Haha, also zunächst einmal sind wir von Anfang an richtig gute Freunde. Das hilft uns wirklich, wenn wir mal wieder für längere Zeit in einem Auto sitzen und zusammen abhängen müssen. Wir haben eigentlich immer eine gute Zeit. Wir versuchen auch, uns an eine Grundregel zu halten, die uns die Jungs von SÓLSTAFIR gelehrt haben: „Flennen ist verboten!“
Was die Sache mit den Typen in dem Hotel angeht, so hätten die uns fast zu Brei geschlagen. Es ist aber nicht das Umherreisen, das so gefährlich ist. Vielmehr ist es das Abfeiern nach einer Show, das schon mal aus dem Ruder laufen kann. Aber wir sind alle sehr friedlich und zetteln auch keinen Streit an.
Ihr habt just ein Killeralbum veröffentlicht, aber eigentlich ist es „nur“ ein Re-Release: „Voyage“ wurde zunächst nur auf Island veröffentlicht und jetzt in einer neuen Auflage über Nuclear Blast. Wie seid Ihr an den Deal gekommen? Und wie fühlt es sich an, bei der Plattenfirma jetzt „dazuzugehören“?
Es ist erstaunlich und gleichzeitig völlig surreal. Ich glaube nicht, daß wir auch nur angefangen haben zu begreifen, was in den letzten paar Monaten mit der Band geschehen ist. Aber das Gute dabei ist, daß wir das, was wir tun möchten, jetzt für ein größeres Publikum und an neuen Orten tun können. Das macht uns innerlich, äußerlich und sonstwo glücklich.
Alles hat damit angefangen, daß wir einen deutschen Journalist trafen, dem unsere Show auf dem Eistnaflug 2012 ziemlich gut gefallen hat. Durch ihn sind wir an einen Verlagsdeal gekommen, und durch persönliche Weiterempfehlung von ihm standen wir plötzlich auf dem Billing vom Roadburn Festival und hatten Gespräche mit Nuclear Blast. Das ist ganz schön surreal.

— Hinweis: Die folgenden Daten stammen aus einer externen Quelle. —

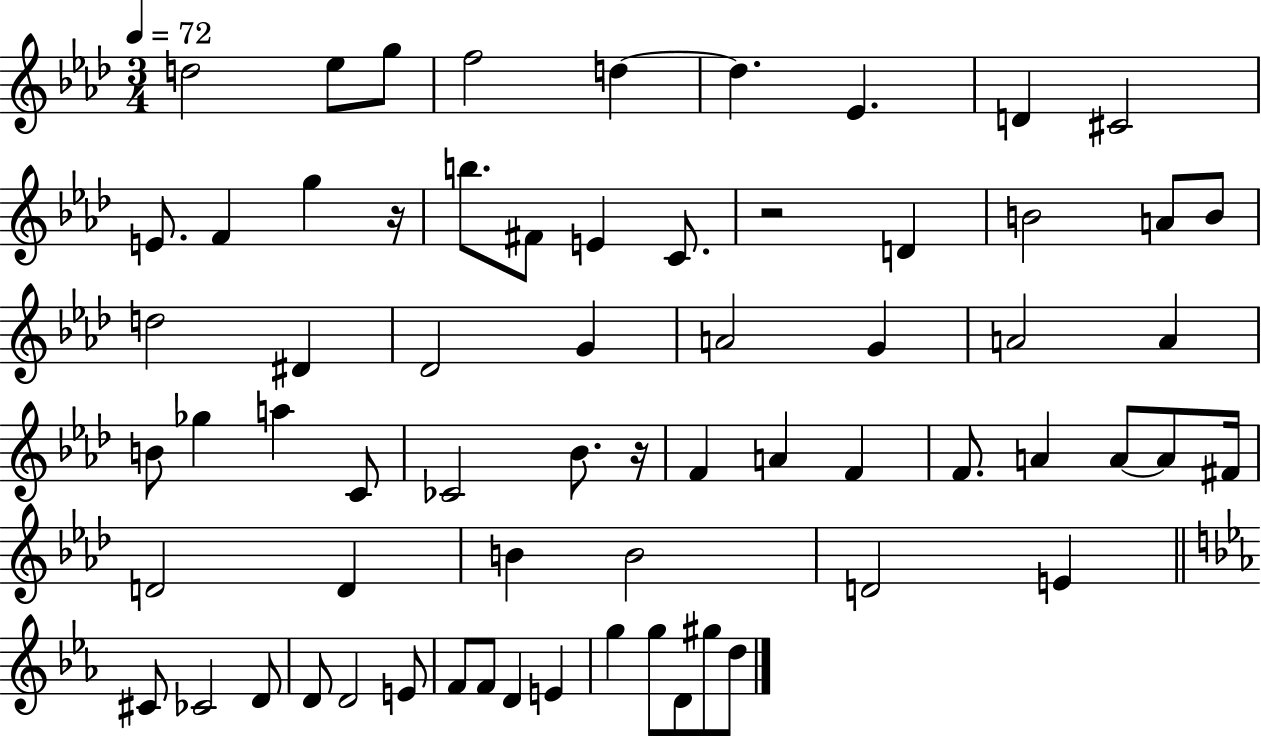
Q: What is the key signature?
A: AES major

Die meisten Mysterien des Albums sind ja von Euch bereits gelüftet worden. Wie sieht’s mit „Cocaine Sally“ aus, die Ihr besingt? Irgendein Mädel, das Ihr mal unterwegs getroffen habt?

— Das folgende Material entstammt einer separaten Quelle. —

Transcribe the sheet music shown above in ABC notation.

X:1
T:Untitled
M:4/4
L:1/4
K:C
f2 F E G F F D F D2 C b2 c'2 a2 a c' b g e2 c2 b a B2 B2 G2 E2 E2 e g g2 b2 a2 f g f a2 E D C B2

Cocaine Sally ist fiktional – leider. Aber das Lustige dabei ist, dass ich manchmal bei den vielen Leuten, die wir auf Tour treffen, anfange nach ihr zu suchen. Es scheint tatsächlich so zu sein, daß ich ihr immer näher komme, je mehr Mädels ich treffe, haha!
Zurück zur Kinderstube: Eure Plattenfirma schlägt vor, dass es die geschmacksicheren Plattensammlungen Eurer Eltern gewesen seien, die den Haupteinfluss auf Euch ausgeübt haben. Warum habt Ihr also eine Band gegründet – waren es wirklich die Plattensammlungen Eurer Eltern?

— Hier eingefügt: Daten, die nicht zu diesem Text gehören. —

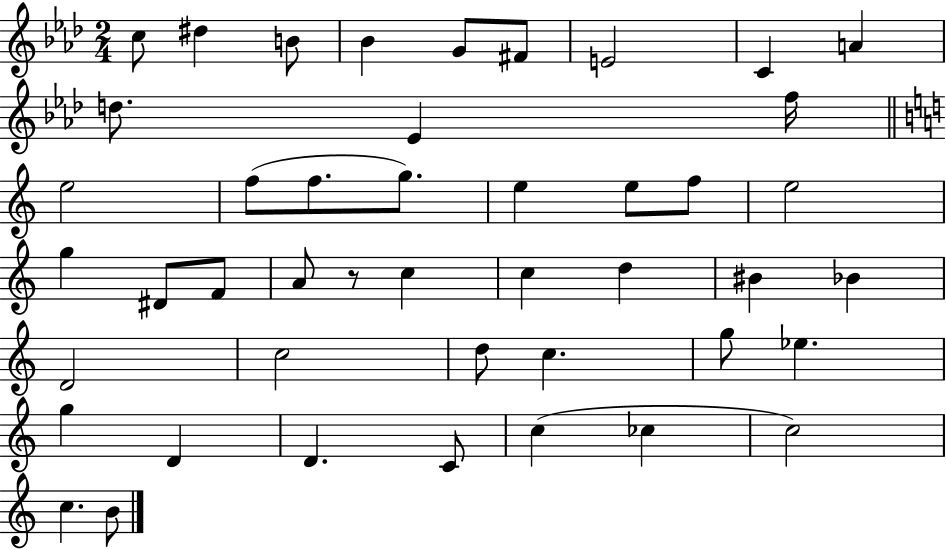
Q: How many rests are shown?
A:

Das war grundsätzlich der Grund, die Band zu starten. Óskar (Sänger und Gitarrist) and Guðjón (Drummer) machen zusammen Musik, seit sie zwölf sind. Sie haben diese Musik wirklich von der Pike auf gelernt, und wir sind immer besser geworden, je mehr wir gehört haben und je mehr Gigs wir zusammen gespielt haben.
Die Plattensammlungen unserer Eltern sind alle sehr unterschiedlich, aber sie haben alle solche Klassiker, wie CLAPTON, HENDRIX, DEEP PURPLE, KING CRIMSON, FRANK ZAPPA und so weiter. Also sind wir musikalisch gut aufgewachsen.
Habt Ihr denn großen Respekt vor diesen ganzen 70er-Jahre-Rockgiganten? Ich meine, zuviel Respekt kann ja auch lähmend wirken …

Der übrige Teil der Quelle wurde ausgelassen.